The Illinois FOID Card Act mandates that law enforcement officials (as well as other specified categories of professionals including school administrators), preliminarily determine if a person they encounter poses a clear and present danger to themselves, others, or the public and, in such cases, file a FOID notification report with ISP within 24 hours. PS’s Evaluation focused on one category of individual for whom such reporting would have been mandated and found that CPD was in compliance in only 2 of 37 cases in the past 3 years.

PS recommended that CPD create and implement a department  directive mandating compliance with the state law reporting requirement, improve department access to the mandatory reporting forms, create relevant curricula, and provide adequate training for current and new employees that includes: 1) an introduction to the FOID Card Act, with special attention paid to CPD’s reporting duties and the importance of information provided to ISP; 2) guidance on what constitutes “clear and present danger”; and 3) instruction on how to properly complete and submit forms and other necessary identification that should be submitted to ISP.

In response, CPD concurred with Public Safety’s findings and recommendations. To address its noncompliance, CPD has formalized and began distribution and implementation of a standalone directive that instructs officers on reporting requirements. CPD has also updated the Police Academy’s training curricula to reflect reporting obligations pursuant to the FOID Card Act.
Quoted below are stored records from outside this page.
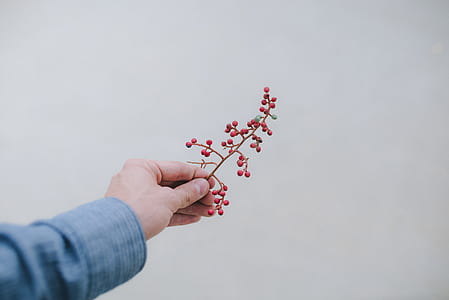 selective focus photography of person holding red fruits thumbnail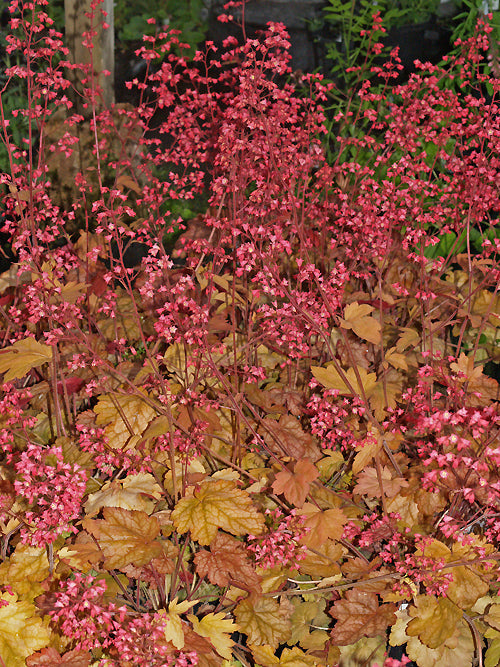 HEUCHERA 'VULCANO'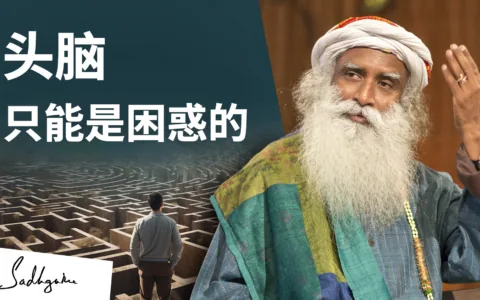 头脑只能是困惑的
“CPD’s noncompliance with the FOID Card Act has deprived it of a critical tool to take guns out of the hands of individuals who pose a threat to public safety as part of its larger effort to combat gun violence,” said Inspector General Joe Ferguson. “Today’s report, the first from the new Public Safety Section, is demonstrative of the benefits of independent civilian oversight in assisting CPD in identifying ways of improving operations, and enhancing public safety and fostering public confidence through effective performance of its important responsibilities.